We are therefore prepared to include in the Award a public holiday clause. That clause will reflect the current entitlements of employees bound by the Award.

Having so decided, the effect of the inclusion of such a clause in the Award without the right to substitute days would nullify, for public sector employees, the Government's decision to transfer the Boxing Day 1987 holiday to 25 January 1988. The Government in those circumstances would have to make application to vary the Award to seek a provision enabling its decision to stand, or alternatively, make some other arrangement in relation to 25 January 1988. However that may be, we note that the proposal is to reduce the number of standard holidays in 1987 and presumably increase by one the number of paid public holidays to be observed in 1988. We wonder what accounting problems may result, having regard for the number of extra days added to shift workers' leave each year. We also question the calculation of casual rates for the same reason.

We also question whether a named traditional holiday can be cancelled and replaced by another differently identified day, to be observed on an ad hoc basis.

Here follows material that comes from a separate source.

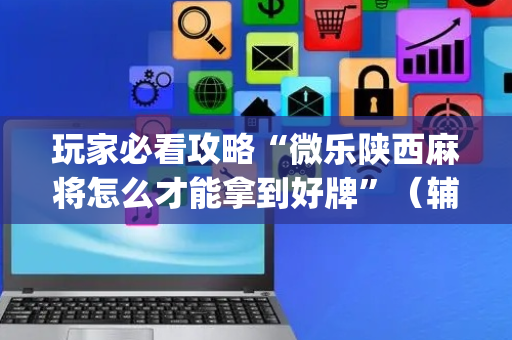 玩家必看攻略“微乐陕西麻将怎么才能拿到好牌”（辅助神器免费)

Nevertheless, in considering this aspect, we are of the view that we should not, in these circumstances, differentiate between what will take place in the private sector and what is proposed for public sector employees.

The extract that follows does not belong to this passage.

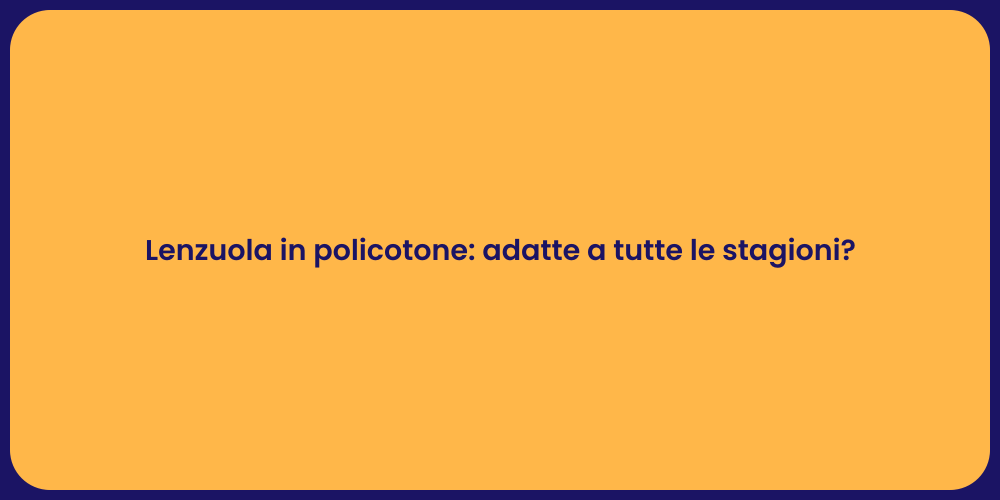 Lenzuola in policotone: adatte a tutte le stagioni?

The right to transfer a holiday for private sector employees is given by the Bank Holidays Act 1919. In relation to public sector employees bound by Federal awards the right is given in most cases by a proviso in the public holidays clause, although it is generally qualified to the extent that the agreement of the parties is necessary.

We therefore believe that a proviso should be included in the new clause which reads:

"But if any other day be, by State Act of Parliament or State proclamation, substituted for any of the above mentioned holidays, the day so substituted shall be observed."

If our assessment of the situation is correct, we believe the underlying concern of the applicants in this matter is the Government's decisions over recent years to force the taking of more than three days' annual leave over the Christmas, New Year break. If that assessment is accurate we encourage discussion between the parties to endeavour to reach an amicable on-going arrangement. Failing such an arrangement being achieved, we invite applications which could be used as vehicles in this Commission to resolve that issue.

Recreation Leave Allowance Ceiling

Applications T.967 and T.1016 of 1987 seek to amend Clause 8M Recreation Leave Allowance, subclause (b) by deleting the figure $393 and inserting in lieu the figure $429.

The figure $393 represents the current maximum amount of annual leave allowance that can be paid to an employee.

The Minister's initial position in relation to this matter was one of expressing no opposition to the claim. However, following an invitation from the Commission the parties addressed alternative methods of increasing the allowance other than by adjusting it in accordance with CPI movements, which we believe would not accord with current Wage Fixing Principles.

Having considered the various options we believe the most appropriate method of adjustment is to tie the calculation of the maximum to an existing salary level. Such an approach will ensure that the maximum recreation leave allowance figure does not receive a disproportionately greater increase than is represented by general wage movements. Additionally it will remove the necessity for a separate application being lodged to adjust the allowance, each time there is a National or other general wage adjustment.

Adjustment on the above basis does no violence to the Wage Fixing Principles.

We direct the parties to prepare a draft order reflecting the intent of this decision and furnish it to us as soon as is practicable. The date of operation of the order will be the first pay period commencing on or after the date of this decision.